De meeste moderatoren van Facebook werken voor onderaannemers, meldt The Guardian op basis van de gelekte documenten. Ze krijgen een opleiding van twee weken. „Het is de vraag of ze in die korte periode even goed voorbereid worden op de gevaren van het werk als bijvoorbeeld een zedenrechercheur die kinderporno moet opsporen”, zegt psychiater Jongedijk. Bovendien besteden grote techbedrijven moderatiewerk vaak uit aan bedrijfjes in lagelonenlanden, waarop weinig toezicht is.
Verwarrend en tegenstrijdig
De regels zijn verwarrend en tegenstrijdig, klagen anonieme moderatoren tegen The Guardian. Beelden van abortussen zijn toegestaan, zolang er geen naaktheid is te zien. Geweld is in veel gevallen niet toegestaan, maar zelfverminking juist wel omdat het bedrijf „mensen in nood niet wil censureren of bestraffen”.
Kunstmatige intelligentie speelt een steeds belangrijkere rol bij het modereren, maar wordt door Facebook vooral ingezet tegen kinderporno en terreurpropaganda. Hoogleraar informatica Arnold Smeulders zei onlangs tegen deze krant dat de technologie nog niet ver genoeg is om alle nuances in bewegingen van elkaar te kunnen onderscheiden. Het verschil tussen een schop tegen een bal of een lichaam is voor een computer bijvoorbeeld vaak slecht te beoordelen.

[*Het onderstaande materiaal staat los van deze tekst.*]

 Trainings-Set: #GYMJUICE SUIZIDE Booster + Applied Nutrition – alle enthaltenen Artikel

Totdat computers het werk van de menselijke beoordelaars overnemen, is het voor Facebook onmogelijk om alle berichten te controleren. Ga maar na: wereldwijd plaatsen Facebookgebruikers elke minuut 1,3 miljoen berichten. Daarom vertrouwt het netwerk voornamelijk op door gebruikers gerapporteerde berichten. Het betekent ook dat wat niet wordt gerapporteerd op het netwerk blijft staan. Zo stond onlangs een video waarop te zien was hoe een Thaise vader zijn 11 maanden oude baby vermoordde een dag lang op Facebook omdat niemand hem had gerapporteerd.

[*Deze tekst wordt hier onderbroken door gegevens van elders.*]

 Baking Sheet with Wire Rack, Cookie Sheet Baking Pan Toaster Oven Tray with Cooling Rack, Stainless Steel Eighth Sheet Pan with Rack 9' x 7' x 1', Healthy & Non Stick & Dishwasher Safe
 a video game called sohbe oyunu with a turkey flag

Facebook erkent tegenover The Guardian dat moderatoren een „uitdagende en moeilijke baan” hebben. „Het materiaal is vaak verontrustend. We proberen ervoor te zorgen dat beoordelaars met vertrouwen de juiste beslissing kunnen maken en de emotionele kracht bezitten om gezond te blijven. Dat is ook een grote uitdaging voor ons.”